Case ID: f3d_415/html/0023-01.html
Source: Caselaw Access Project
Author: {"author": "PER CURIAM.", "license": "Public Domain", "url": "https://static.case.law/"}
Date Created: 2024-08-24T03:29:51.129683

UNITED STATES of America, Appellee v. Michael Angelo VARGAS, Appellant.
    No. 03-3105.
    United States Court of Appeals, District of Columbia Circuit.
    July 12, 2005.
    Barbara J. Valliere, Assistant U.S. Attorney, Roy Wallace McLeese, III, Assistant U.S. Attorney, John Robert Fisher, Assistant U.S. Attorney, Lisa Hertzer Schertler, Assistant U.S. Attorney, U.S. Attorney’s Office, Washington, DC, for Ap-pellee.
    Kenneth L. Wainstein, U.S. Attorney, U.S. Attorney’s Office, Cheryl Denise Stein, Law Office of Cheryl D. Stein, Washington, DC, for Appellant.
    Before: EDWARDS and RANDOLPH, Circuit Judges, and WILLIAMS, Senior Circuit Judge.
   Opinion PER CURIAM.

PER CURIAM.

In his petition for rehearing, Vargas asks for an opportunity to submit a brief on the question whether he needed a certificate of appealability under 28 U.S.C. § 2253(c)(1) in order to appeal the district court’s denial of his motion under Rule 60(b) of the Federal Rules of Civil Procedure. We see no reason to doubt our holding that he did need a certificate and that he was not entitled to one. After our decision the Supreme Court decided Gonzalez v. Crosby, — U.S.-, 125 S.Ct. 2641, — L.Ed.2d-(2005). The Court observed that requiring a certificate of ap-pealability for Rule 60(b) motions in habe-as cases, as many courts of appeals have, appeared to be “plausible” and to have a sound basis in the statute. — U.S.-, at-n. 7, 125 S.Ct. 2641, 2650 n. 7, — L.Ed.2d-, at-n. 7.

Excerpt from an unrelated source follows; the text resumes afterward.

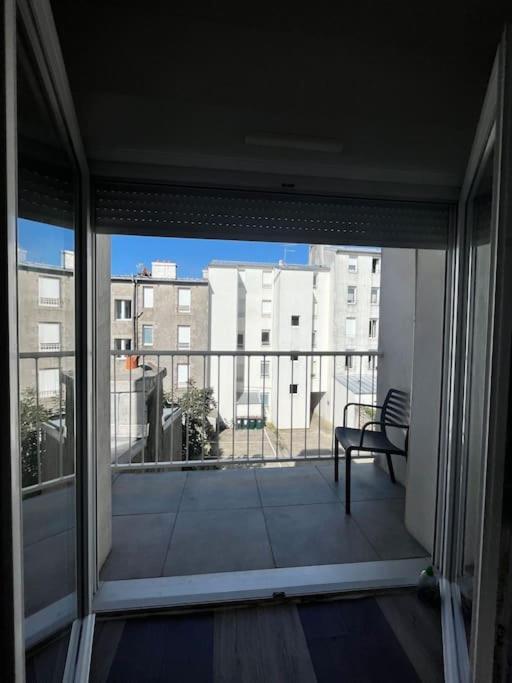 Apartament Studio En Plein Centre De Brest Zewnętrze zdjęcie
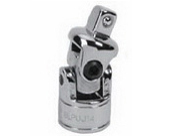 Universal Joint - Alloy Steel, 1/4", 3/8", 1/2", 3/4" Sizes | Chrome Plated, Flexible Movement, High Torque Capacity, Corrosion Resistant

Vargas also maintains that we erred in stating that the district court did not deny his Rule 60(b) motion on procedural grounds. The district court stated that Vargas had shown neither why the court’s original denial of habeas relief was void (Rule 60(b)(4)) nor why the judgment should be set aside (Rule 60(b)(6)). Even if these grounds of decision might be characterized as “procedural,” we would still deny a certificate of appealability. Vargas had no underlying constitutional claim which “jurists of reason” would find “debatable” and he offered no basis for supposing “that jurists of reason would find it debatable whether the district court was correct in its procedural ruling.” Slack v. McDaniel, 529 U.S. 473, 484, 120 S.Ct. 1595, 146 L.Ed.2d 542 (2000); see Gonzalez v. Secretary for Dep’t of Corr., 366 F.3d 1253, 1267 (11th Cir.2004) (en banc), affirmed on other grounds in Gonzalez v. Crosby.

The petition for rehearing is denied.